*Exercise requirements*
Make an exact transcription of the data below.
--- Task material Enclosed Below ---
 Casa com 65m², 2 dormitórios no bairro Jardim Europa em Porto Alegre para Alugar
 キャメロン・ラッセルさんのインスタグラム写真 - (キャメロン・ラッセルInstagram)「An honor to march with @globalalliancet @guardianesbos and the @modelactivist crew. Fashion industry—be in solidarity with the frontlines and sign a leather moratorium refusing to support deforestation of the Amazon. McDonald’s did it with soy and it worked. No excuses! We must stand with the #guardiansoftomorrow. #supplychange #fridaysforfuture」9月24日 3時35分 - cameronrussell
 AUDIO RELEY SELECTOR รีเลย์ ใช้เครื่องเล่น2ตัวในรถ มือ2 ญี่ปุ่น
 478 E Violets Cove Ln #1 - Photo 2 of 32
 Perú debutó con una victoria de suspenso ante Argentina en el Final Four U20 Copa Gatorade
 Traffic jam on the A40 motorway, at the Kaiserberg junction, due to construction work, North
--- End of Enclosed Task material ---
*Answer area*
 Casa com 65m², 2 dormitórios no bairro Jardim Europa em Porto Alegre para Alugar
 キャメロン・ラッセルさんのインスタグラム写真 - (キャメロン・ラッセルInstagram)「An honor to march with @globalalliancet @guardianesbos and the @modelactivist crew. Fashion industry—be in solidarity with the frontlines and sign a leather moratorium refusing to support deforestation of the Amazon. McDonald’s did it with soy and it worked. No excuses! We must stand with the #guardiansoftomorrow. #supplychange #fridaysforfuture」9月24日 3時35分 - cameronrussell
 AUDIO RELEY SELECTOR รีเลย์ ใช้เครื่องเล่น2ตัวในรถ มือ2 ญี่ปุ่น
 478 E Violets Cove Ln #1 - Photo 2 of 32
 Perú debutó con una victoria de suspenso ante Argentina en el Final Four U20 Copa Gatorade
 Traffic jam on the A40 motorway, at the Kaiserberg junction, due to construction work, North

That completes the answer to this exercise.